- _RAW DATA_
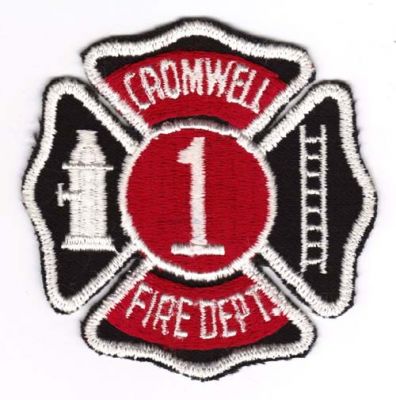 Cromwell Fire Dept
Thanks to Michael J Barnes for this scan.
Keywords: connecticut department 1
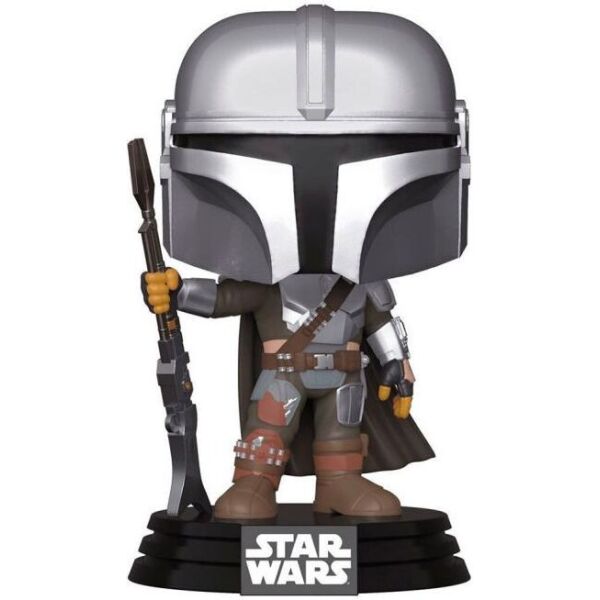 

Игровая фигурка Funko POP! - Мандалорец (финал) (45545)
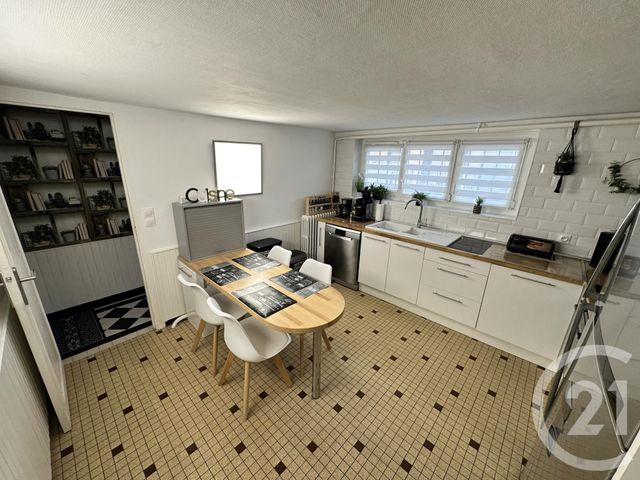 Maison &agrave; vendre - 6 pi&egrave;ces - 136 m2 - Chateauroux - 36 - CENTRE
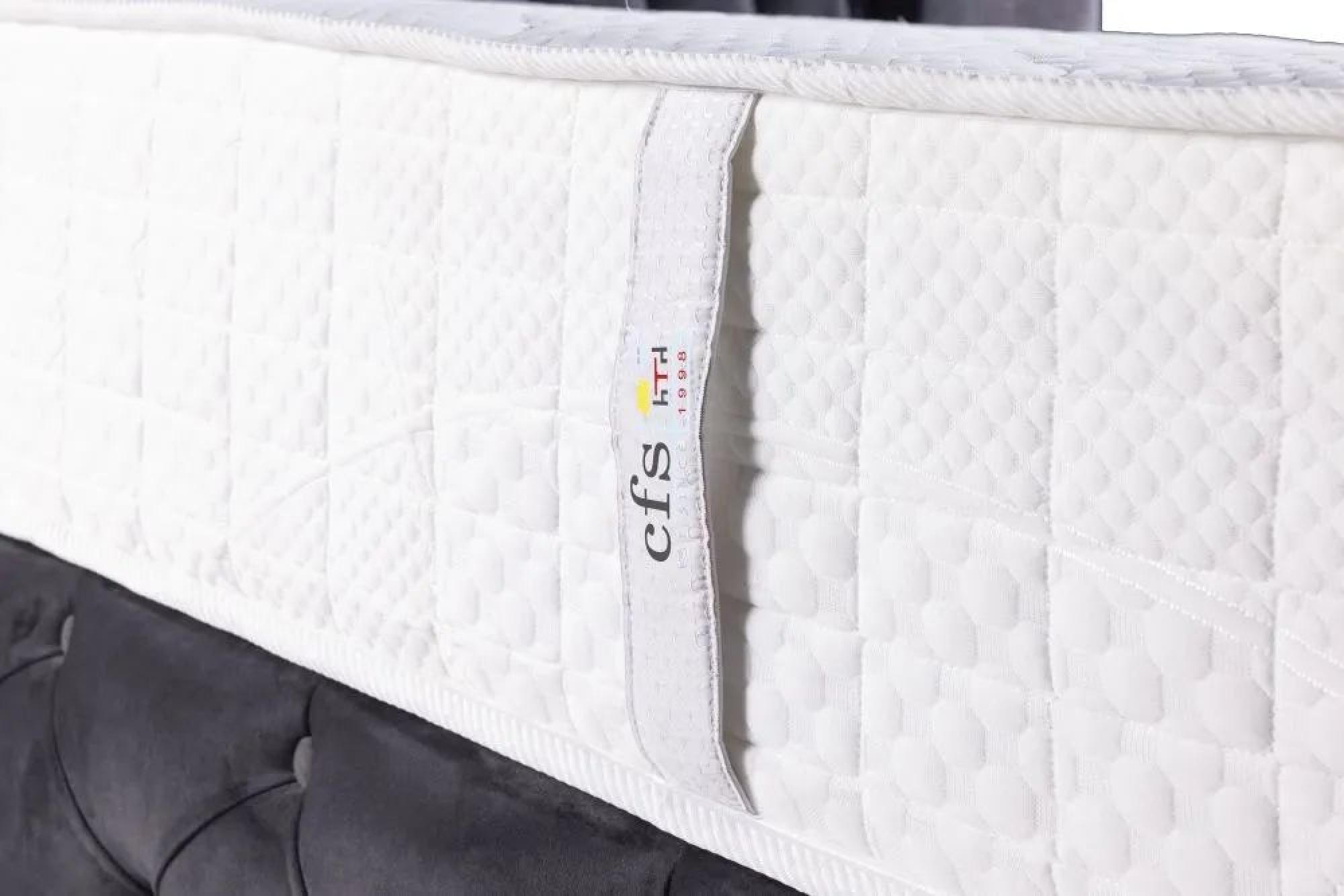 Product photograph of Clearance - Oslo Compact Foam Roll Up 30cm Deep Pocket Sprung Mattress - 4ft 6in Double from Choice Furniture Superstore.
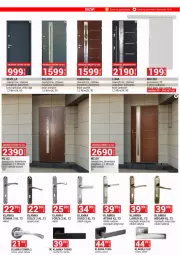 Gazetka promocyjna Merkury Market - Gazetka - ważna od 31.03 do 31.03.2022 - strona 11 - produkty: Klamka, Malibu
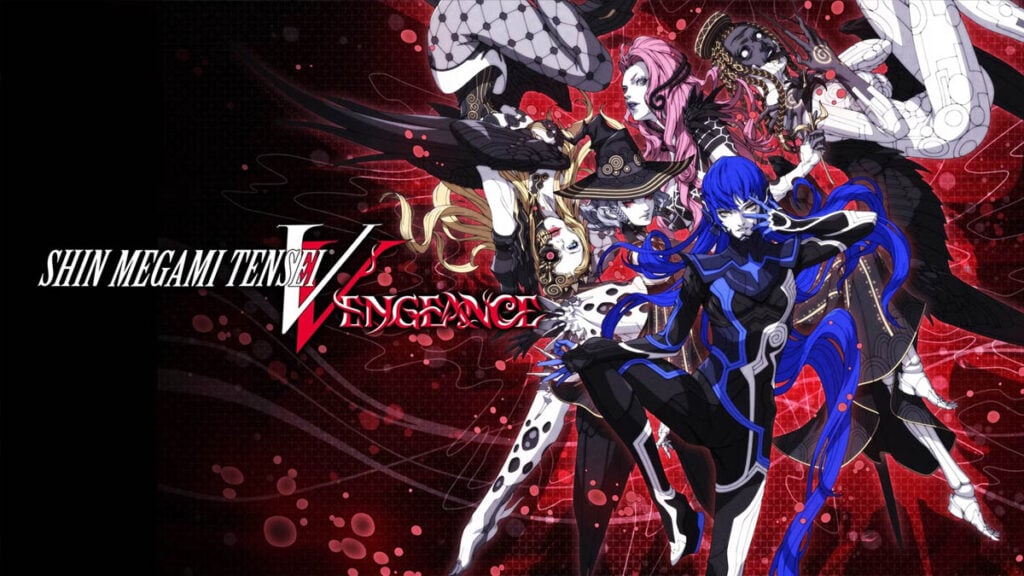 Shin Megami Tensei V: Vengeance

- _TO DO_
What is needed is an exact repetition of every entry, without the pictures.

- _WRITTEN ANSWER_
 Cromwell Fire Dept
Thanks to Michael J Barnes for this scan.
Keywords: connecticut department 1

Игровая фигурка Funko POP! - Мандалорец (финал) (45545)
 Maison &agrave; vendre - 6 pi&egrave;ces - 136 m2 - Chateauroux - 36 - CENTRE
 Product photograph of Clearance - Oslo Compact Foam Roll Up 30cm Deep Pocket Sprung Mattress - 4ft 6in Double from Choice Furniture Superstore.
 Gazetka promocyjna Merkury Market - Gazetka - ważna od 31.03 do 31.03.2022 - strona 11 - produkty: Klamka, Malibu
 Shin Megami Tensei V: Vengeance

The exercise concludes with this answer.